Block clearly defined the concept of content as being A-Conscious particularly if it was poised for a direct rational control of action (Block, 1995). According to Chalmers, it might not be enough to state that the content is A-Consciousness if it is directly available for utilisation in directing behaviours. Chalmers thus pointed that the issue with differentiating between P-Consciousness and A-Consciousness is that one is left with the question, why the two concepts often happen together. It might be the case that, there is no precise function of P-Consciousness in the collective cognitive economy. Therefore, if Chalmers is right, then it is true that A-Consciousness will be enough for the control of organism’s behaviour. Further, this leaves open the argument of potential likelihood of zombies that are identical to human beings in all aspects except that they do not have P-Consciousness. In concluding his argument, Chalmers notes that P-Consciousness has no significant function in the cognitive functioning and further, A-Consciousness does all the work. Despite the fact that Chalmer has pointed the problem of Block’s argument, he still accepts that phenomenal consciousness is different from the functional or physical property (Chalmers, 1995).

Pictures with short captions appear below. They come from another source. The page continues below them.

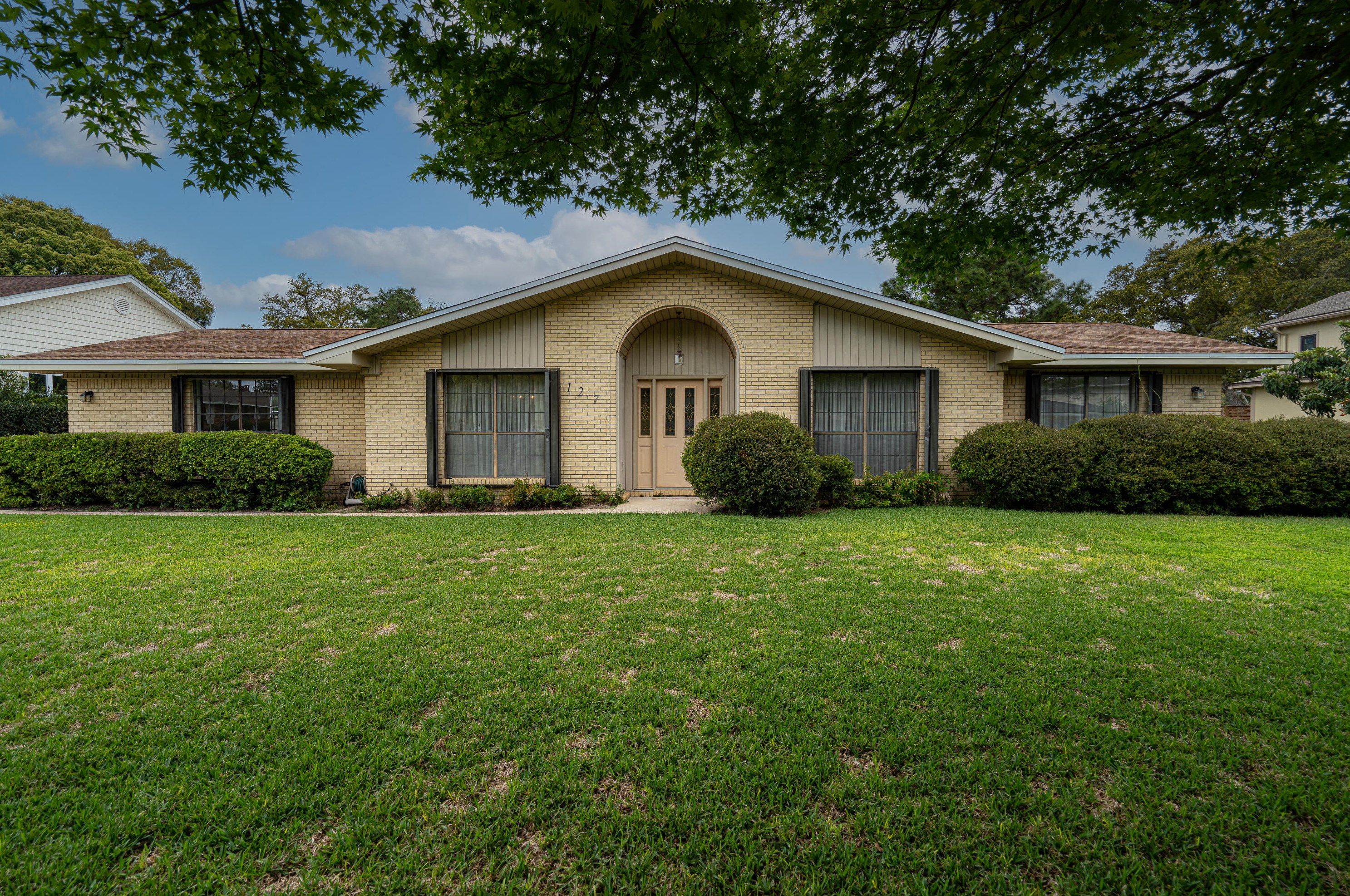 127 Lake Lorraine Cir, Shalimar, FL 32579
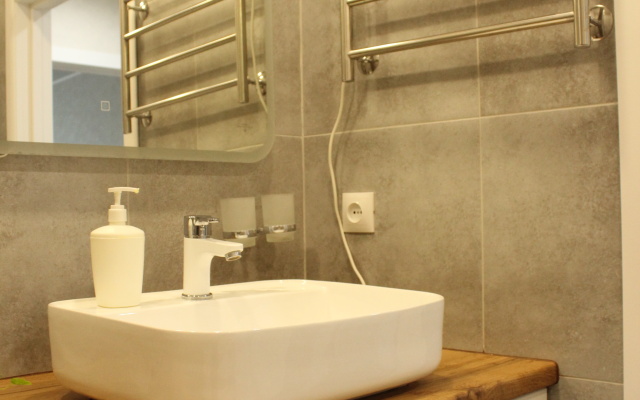 Квартира - студия рядом с проспектом Октября.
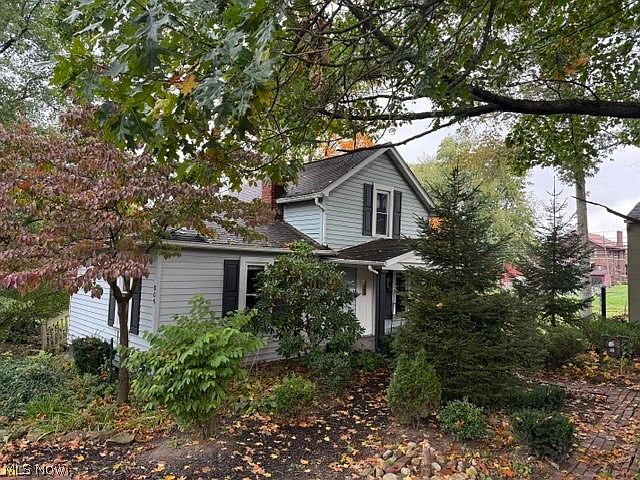 1st image of 809 Dover Ave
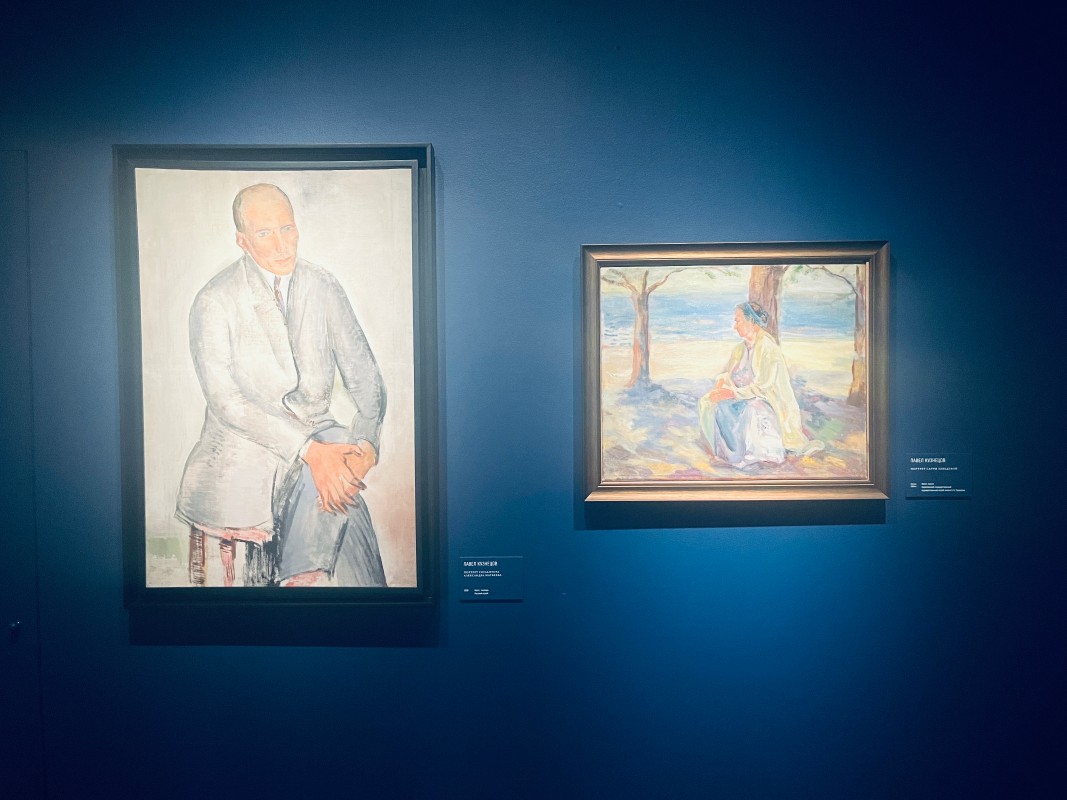 Работы Павла Кузнецова на выставке "Волга, Москва, Нева". Фото: Юлия Крышевич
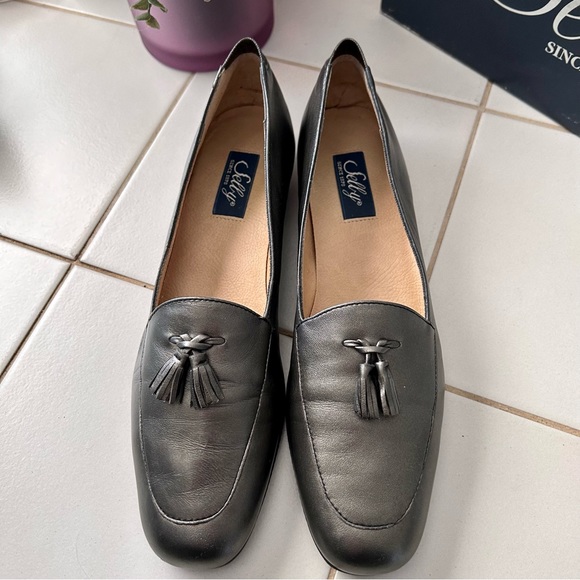 Selby Leather Tasseled Loafers in a Bronze Metallic Sz. 9.5 Narrow (3A) - Picture 9 of 15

Arguably, it is clear that Chalmers makes an interesting point especially in the analysis of the hard problems in addition to how the neuroscience fails to address most of the hard issue of the consciousness. Block on the other has put forward a clear argument on access consciousness and phenomenal consciousness (Block, 1995). Block was very precise in bringing out the distinction between consciousness - phenomenal and access a concept that has also been supported by Chalmers. It sounds reasonable for Block to argue that A-Consciousness and P-Consciousness in most instances occur together however in other cases they do not occur together and his argument is a useful approach to explaining the consciousness problem. Block went further to emphasize his argument to ensure that people get the full understanding of the dissimilarity between access and phenomenal consciousness using clear examples (Block, 1995). Arguably, the cases can be said to have cleared up a potential confusion that one might have between the two consciousness categories. Block’s argument helps one to seek the cognitivist explanations of an individual behaviour without necessarily having to find a strategy to include the phenomenal features of experience in his statement.
Chalmers seems to have made certain generalizations that might not add any concept of validity to the suggested situation (Chalmers, 1995). For instance, it is evident that thermostat does not fit any definition of consciousness. The other argument that might not be true is that consciousness has to be a baseline. He used to matter in his argument, but everything including matter has drastically changed and dissected more than he supposed. Therefore, arguing that consciousness can be dissected might be true, but his argument that experience is the building block of consciousness and can never be broken down further might not be correct. The acceptance of the zombie argument would, therefore, us to accept the failure of the totality of the physical facts to include the phenomenal because the zombie world is physically a duplicate.
References
Block, N. (1995). Some concepts of consciousness. Sciences , 18 (2).
Chalmers, D. J. (1995). Facing up to the problem of consciousness. Journal of consciousness studies , 2 (3), 200-219.